The tone of the innings shifted with a blistering attack on first Morne Morkel and then Steyn, after the former came around the wicket to bombard him with short-pitched bowling.

"They're an incredible attack. They keep coming to the last ball but luckily I've ended up getting a hundred," Pietersen told Sky Sports.

"That's something I'm very happy about and we're in a good position if we bat well tomorrow.

"With that attack, especially when Morkel came around the wicket, it's him or me. I don't see the point in dodging the ball and being hit, I'd rather do the hitting.

"I tried to go through the gears today. Once I'd seen how much swing there was, I wanted to try to have a go at Steyn and get him out of the attack.

"I tried to play the situation but play my way - play straight, watch the ball, play late and hit the ball," Pietersen said. "I was just playing the ball on its merit - see ball, hit ball."

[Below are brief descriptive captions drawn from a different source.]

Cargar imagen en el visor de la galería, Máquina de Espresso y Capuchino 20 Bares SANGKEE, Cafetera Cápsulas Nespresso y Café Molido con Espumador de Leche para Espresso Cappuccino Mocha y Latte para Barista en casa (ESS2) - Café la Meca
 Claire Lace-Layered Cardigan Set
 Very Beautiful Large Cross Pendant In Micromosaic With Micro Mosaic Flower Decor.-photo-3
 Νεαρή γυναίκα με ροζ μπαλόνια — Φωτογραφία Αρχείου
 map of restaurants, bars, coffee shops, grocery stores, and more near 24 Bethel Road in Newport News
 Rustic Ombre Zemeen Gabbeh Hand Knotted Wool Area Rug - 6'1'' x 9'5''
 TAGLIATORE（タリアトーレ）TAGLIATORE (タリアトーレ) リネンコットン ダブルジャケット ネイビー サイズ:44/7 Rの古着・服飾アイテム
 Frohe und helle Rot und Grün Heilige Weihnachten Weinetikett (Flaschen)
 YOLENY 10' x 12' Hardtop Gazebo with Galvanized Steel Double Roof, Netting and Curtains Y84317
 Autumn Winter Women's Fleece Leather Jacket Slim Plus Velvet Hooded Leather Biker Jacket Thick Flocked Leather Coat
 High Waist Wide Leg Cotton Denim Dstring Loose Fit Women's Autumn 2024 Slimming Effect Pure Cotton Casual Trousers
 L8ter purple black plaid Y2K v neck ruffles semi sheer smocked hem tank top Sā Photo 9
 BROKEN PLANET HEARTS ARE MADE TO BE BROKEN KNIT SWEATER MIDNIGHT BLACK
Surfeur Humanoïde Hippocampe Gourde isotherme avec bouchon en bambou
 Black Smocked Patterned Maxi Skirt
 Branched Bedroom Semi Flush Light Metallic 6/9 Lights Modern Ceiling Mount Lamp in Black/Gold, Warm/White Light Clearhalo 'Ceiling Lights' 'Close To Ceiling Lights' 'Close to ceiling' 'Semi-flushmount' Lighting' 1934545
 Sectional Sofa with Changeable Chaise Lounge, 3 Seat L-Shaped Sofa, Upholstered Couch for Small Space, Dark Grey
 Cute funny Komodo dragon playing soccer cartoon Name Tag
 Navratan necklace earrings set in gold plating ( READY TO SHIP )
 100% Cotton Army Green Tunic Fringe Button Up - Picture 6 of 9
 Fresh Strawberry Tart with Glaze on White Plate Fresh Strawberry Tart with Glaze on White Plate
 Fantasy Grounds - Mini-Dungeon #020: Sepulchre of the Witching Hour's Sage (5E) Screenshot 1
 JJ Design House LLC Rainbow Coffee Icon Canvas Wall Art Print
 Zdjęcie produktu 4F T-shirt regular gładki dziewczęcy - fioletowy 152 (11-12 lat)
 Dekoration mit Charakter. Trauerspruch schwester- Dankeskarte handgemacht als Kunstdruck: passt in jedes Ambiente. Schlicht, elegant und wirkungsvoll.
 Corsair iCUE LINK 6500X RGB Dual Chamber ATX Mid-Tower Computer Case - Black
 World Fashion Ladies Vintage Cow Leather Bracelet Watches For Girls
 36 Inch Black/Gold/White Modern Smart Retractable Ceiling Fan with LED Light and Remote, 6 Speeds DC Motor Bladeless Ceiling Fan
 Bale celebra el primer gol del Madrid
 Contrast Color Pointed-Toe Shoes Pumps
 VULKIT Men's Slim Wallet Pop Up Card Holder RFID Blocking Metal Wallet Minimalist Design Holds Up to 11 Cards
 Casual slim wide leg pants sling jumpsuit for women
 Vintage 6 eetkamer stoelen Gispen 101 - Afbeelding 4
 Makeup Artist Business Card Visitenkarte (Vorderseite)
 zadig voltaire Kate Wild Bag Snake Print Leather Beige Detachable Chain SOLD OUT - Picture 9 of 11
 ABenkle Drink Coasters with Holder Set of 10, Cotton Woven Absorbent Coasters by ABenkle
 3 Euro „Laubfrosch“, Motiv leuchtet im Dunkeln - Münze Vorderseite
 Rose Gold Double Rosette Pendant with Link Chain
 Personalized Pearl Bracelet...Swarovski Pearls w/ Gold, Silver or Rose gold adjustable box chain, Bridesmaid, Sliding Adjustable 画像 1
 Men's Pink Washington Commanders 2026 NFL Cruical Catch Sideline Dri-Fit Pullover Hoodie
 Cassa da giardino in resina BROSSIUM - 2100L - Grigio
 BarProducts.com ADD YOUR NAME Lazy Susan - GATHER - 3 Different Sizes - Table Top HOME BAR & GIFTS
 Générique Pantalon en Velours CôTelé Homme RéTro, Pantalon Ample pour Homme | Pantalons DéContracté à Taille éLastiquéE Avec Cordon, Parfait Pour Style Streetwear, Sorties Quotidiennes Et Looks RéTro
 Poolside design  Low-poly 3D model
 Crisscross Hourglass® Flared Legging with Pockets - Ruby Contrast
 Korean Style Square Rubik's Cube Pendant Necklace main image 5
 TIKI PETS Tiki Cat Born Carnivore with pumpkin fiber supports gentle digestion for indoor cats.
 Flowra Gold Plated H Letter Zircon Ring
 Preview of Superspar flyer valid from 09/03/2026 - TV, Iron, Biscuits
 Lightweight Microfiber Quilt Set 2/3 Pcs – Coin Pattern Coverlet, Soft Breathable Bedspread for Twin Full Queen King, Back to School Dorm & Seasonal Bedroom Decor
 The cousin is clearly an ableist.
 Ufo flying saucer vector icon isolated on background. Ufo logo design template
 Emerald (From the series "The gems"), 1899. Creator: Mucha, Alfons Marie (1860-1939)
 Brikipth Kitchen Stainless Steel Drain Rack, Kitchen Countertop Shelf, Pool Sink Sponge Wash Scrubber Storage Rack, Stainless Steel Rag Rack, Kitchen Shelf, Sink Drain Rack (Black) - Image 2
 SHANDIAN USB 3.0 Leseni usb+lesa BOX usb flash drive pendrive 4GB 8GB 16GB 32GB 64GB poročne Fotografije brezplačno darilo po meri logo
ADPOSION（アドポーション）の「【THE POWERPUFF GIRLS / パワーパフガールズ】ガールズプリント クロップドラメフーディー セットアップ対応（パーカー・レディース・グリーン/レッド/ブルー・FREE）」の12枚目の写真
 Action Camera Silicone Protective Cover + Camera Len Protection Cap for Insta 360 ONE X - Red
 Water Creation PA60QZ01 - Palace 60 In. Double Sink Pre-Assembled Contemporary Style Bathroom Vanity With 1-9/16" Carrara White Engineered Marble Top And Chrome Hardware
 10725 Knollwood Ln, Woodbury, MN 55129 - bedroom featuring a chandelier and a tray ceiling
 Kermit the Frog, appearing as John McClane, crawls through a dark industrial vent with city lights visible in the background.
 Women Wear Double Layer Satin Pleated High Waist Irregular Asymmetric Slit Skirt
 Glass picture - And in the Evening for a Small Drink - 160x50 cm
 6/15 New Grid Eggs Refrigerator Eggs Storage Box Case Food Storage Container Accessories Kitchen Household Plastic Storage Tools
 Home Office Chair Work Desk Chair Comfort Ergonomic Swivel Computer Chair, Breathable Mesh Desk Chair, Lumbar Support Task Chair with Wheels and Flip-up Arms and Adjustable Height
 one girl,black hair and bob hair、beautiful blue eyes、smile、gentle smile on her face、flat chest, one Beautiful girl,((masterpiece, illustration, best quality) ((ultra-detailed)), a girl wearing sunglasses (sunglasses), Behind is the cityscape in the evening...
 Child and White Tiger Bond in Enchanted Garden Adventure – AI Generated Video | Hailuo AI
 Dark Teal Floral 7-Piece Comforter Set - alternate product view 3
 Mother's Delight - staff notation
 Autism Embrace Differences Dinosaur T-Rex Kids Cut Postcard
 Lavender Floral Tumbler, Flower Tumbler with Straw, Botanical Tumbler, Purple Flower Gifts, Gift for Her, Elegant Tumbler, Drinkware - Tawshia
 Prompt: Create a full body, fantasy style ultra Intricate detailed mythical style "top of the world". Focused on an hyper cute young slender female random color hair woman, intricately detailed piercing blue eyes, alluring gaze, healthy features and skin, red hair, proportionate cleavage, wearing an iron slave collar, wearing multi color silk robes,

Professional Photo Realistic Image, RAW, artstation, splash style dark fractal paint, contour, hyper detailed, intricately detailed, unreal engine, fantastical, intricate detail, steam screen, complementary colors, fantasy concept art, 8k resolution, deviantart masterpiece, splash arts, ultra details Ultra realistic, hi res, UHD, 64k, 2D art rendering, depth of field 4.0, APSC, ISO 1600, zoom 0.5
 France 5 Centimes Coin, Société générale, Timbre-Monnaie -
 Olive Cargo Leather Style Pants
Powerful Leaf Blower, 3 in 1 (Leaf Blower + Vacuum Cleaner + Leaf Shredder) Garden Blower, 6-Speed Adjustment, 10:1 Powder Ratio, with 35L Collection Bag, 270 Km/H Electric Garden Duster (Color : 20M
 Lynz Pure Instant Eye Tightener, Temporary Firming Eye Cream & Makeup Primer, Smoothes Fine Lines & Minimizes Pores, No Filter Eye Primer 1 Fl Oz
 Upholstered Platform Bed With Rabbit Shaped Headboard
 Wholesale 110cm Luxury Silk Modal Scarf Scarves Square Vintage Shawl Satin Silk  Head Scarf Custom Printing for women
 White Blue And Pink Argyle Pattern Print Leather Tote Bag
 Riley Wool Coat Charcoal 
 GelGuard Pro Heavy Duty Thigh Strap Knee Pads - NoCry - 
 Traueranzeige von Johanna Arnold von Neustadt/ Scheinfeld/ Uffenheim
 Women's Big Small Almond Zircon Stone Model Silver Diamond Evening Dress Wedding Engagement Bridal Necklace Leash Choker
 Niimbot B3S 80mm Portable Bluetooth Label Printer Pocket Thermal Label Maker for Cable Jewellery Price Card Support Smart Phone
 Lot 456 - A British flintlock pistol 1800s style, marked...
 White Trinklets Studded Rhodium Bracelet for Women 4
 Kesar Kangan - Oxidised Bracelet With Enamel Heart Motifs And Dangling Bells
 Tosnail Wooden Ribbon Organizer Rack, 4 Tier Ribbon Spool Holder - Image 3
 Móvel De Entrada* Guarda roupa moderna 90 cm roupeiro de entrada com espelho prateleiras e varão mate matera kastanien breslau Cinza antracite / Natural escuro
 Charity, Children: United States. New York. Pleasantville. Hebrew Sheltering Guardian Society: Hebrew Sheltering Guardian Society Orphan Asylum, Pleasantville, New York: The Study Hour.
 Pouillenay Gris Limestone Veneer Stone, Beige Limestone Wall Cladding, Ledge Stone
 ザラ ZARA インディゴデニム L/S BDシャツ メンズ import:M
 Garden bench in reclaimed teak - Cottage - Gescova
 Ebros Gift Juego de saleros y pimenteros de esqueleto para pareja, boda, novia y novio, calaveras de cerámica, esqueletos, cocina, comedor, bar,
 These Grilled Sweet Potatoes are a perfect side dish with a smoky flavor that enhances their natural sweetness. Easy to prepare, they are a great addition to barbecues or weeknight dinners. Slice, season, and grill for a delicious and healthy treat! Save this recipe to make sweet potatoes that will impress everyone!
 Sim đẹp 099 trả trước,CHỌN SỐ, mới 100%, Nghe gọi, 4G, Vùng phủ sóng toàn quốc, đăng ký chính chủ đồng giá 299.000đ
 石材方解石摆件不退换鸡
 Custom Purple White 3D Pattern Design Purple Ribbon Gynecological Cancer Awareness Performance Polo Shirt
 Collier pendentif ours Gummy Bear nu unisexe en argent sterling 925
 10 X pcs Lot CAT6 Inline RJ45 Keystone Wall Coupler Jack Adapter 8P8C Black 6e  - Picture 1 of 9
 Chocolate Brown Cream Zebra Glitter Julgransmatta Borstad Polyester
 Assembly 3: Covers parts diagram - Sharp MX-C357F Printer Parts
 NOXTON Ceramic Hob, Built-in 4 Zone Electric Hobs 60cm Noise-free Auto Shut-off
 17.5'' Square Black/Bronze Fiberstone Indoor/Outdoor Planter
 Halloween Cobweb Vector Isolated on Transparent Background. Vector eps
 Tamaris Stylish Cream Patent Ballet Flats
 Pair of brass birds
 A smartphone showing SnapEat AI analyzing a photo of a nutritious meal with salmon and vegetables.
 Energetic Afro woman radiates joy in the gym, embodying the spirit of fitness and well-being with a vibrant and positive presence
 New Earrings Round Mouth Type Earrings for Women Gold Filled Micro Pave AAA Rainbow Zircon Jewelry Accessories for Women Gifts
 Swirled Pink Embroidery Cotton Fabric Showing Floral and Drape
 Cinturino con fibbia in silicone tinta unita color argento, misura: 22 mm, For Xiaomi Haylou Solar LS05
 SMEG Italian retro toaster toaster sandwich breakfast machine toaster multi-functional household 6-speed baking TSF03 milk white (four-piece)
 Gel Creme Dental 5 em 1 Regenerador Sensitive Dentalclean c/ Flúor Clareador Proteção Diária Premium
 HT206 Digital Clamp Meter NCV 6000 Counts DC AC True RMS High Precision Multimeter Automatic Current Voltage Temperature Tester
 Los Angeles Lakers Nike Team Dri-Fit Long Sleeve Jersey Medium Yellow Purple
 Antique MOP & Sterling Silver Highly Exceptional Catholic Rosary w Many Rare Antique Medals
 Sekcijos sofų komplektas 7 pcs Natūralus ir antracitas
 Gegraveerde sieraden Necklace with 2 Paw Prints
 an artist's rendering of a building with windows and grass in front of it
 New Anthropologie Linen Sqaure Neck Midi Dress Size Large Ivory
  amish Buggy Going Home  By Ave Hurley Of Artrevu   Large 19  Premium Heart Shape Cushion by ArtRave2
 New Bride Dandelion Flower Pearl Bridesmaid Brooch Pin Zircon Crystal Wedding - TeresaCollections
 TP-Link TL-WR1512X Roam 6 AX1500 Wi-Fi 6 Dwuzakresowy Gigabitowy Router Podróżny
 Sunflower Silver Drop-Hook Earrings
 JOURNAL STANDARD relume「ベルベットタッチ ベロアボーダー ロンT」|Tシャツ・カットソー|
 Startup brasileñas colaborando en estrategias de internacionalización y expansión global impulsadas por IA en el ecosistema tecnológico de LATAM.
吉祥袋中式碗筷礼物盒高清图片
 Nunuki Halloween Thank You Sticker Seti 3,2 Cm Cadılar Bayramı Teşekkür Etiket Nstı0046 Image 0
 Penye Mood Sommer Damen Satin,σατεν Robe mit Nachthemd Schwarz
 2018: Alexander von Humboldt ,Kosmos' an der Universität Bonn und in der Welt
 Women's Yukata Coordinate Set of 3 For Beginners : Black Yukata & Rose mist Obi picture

Pietersen also passed 7,000 test runs in the process, becoming the quickest to reach the landmark in seven years and 14 days. Previous record holder Graeme Smith had taken eight years and two days. Debutant James Taylor dug in for a creditable 34 at the other end in a fifth-wicket partnership of 147 with Pietersen, after his middle-order colleagues had rather gifted their wickets to the Proteas.

And Pietersen said the 11-inch height difference between himself and the 5ft 5 ins Nottinghamshire man brought a similar benefit to the contrast in styles with his long-time teammate Paul Collingwood - the pair's average partnership in 45 innings was 60.04.

"There's a bit of a height difference," Pietersen explained.

"Colly and I have one of the better partnership ratios for England because of that - Colly is so far back on his stumps, so you have to bowl different lengths.

"When they bowl a certain length to somebody shorter, I've preyed off a lot of balls that were pitched up for me to drive."